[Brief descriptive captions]
· · · · ·

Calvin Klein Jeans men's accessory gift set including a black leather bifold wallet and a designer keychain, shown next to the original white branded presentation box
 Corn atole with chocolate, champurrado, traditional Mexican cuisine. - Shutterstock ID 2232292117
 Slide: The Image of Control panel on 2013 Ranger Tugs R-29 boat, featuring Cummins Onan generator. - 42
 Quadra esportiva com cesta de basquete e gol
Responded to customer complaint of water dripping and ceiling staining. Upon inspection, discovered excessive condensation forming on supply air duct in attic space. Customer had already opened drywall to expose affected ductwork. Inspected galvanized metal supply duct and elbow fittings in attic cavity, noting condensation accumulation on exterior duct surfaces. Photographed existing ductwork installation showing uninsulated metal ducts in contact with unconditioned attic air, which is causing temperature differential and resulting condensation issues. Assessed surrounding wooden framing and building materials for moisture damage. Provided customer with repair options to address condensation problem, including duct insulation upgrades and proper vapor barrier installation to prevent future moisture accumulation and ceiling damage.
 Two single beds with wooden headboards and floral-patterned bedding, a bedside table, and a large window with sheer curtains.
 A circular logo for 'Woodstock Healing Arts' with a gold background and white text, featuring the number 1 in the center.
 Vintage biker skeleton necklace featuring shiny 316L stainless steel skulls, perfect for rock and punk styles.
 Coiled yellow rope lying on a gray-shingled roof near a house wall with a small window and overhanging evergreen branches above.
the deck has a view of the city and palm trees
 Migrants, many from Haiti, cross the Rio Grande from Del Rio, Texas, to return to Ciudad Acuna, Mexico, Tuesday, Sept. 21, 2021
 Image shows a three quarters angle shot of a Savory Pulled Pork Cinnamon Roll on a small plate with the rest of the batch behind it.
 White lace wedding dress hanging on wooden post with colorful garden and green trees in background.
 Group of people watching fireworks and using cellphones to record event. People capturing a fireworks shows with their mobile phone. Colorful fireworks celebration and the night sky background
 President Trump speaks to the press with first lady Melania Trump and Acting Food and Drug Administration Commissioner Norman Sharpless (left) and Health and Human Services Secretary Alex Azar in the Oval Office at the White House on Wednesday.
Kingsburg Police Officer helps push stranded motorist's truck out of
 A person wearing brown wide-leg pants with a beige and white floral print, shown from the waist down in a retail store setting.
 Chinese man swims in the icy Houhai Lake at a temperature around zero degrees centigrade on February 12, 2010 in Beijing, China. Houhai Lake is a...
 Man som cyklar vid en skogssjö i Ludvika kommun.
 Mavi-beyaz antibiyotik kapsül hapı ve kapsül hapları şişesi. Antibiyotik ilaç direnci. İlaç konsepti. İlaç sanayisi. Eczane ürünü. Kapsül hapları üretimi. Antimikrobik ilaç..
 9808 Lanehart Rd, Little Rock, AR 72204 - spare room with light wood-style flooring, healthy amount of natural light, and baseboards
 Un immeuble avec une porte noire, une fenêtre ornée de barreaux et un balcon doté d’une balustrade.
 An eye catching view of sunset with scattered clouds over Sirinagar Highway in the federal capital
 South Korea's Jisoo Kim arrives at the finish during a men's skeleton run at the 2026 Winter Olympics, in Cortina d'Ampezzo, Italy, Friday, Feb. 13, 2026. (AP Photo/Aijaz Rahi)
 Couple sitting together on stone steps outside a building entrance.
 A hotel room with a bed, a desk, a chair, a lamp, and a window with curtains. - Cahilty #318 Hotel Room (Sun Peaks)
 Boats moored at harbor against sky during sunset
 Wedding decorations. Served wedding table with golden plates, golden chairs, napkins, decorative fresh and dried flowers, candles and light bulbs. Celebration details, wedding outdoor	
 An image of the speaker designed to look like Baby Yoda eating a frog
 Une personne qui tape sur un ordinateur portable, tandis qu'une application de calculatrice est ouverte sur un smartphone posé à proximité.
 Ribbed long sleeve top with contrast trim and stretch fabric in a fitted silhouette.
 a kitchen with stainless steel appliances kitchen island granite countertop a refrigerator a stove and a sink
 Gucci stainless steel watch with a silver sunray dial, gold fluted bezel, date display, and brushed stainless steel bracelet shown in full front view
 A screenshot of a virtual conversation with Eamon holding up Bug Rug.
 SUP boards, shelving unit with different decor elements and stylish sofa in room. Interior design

· · · · ·

Task to carry out: Your answer should consist only of the lines above between the line holding "Two single beds" and the line holding "A person wearing", inclusive, each transcribed exactly.

Task response:
 Two single beds with wooden headboards and floral-patterned bedding, a bedside table, and a large window with sheer curtains.
 A circular logo for 'Woodstock Healing Arts' with a gold background and white text, featuring the number 1 in the center.
 Vintage biker skeleton necklace featuring shiny 316L stainless steel skulls, perfect for rock and punk styles.
 Coiled yellow rope lying on a gray-shingled roof near a house wall with a small window and overhanging evergreen branches above.
the deck has a view of the city and palm trees
 Migrants, many from Haiti, cross the Rio Grande from Del Rio, Texas, to return to Ciudad Acuna, Mexico, Tuesday, Sept. 21, 2021
 Image shows a three quarters angle shot of a Savory Pulled Pork Cinnamon Roll on a small plate with the rest of the batch behind it.
 White lace wedding dress hanging on wooden post with colorful garden and green trees in background.
 Group of people watching fireworks and using cellphones to record event. People capturing a fireworks shows with their mobile phone. Colorful fireworks celebration and the night sky background
 President Trump speaks to the press with first lady Melania Trump and Acting Food and Drug Administration Commissioner Norman Sharpless (left) and Health and Human Services Secretary Alex Azar in the Oval Office at the White House on Wednesday.
Kingsburg Police Officer helps push stranded motorist's truck out of
 A person wearing brown wide-leg pants with a beige and white floral print, shown from the waist down in a retail store setting.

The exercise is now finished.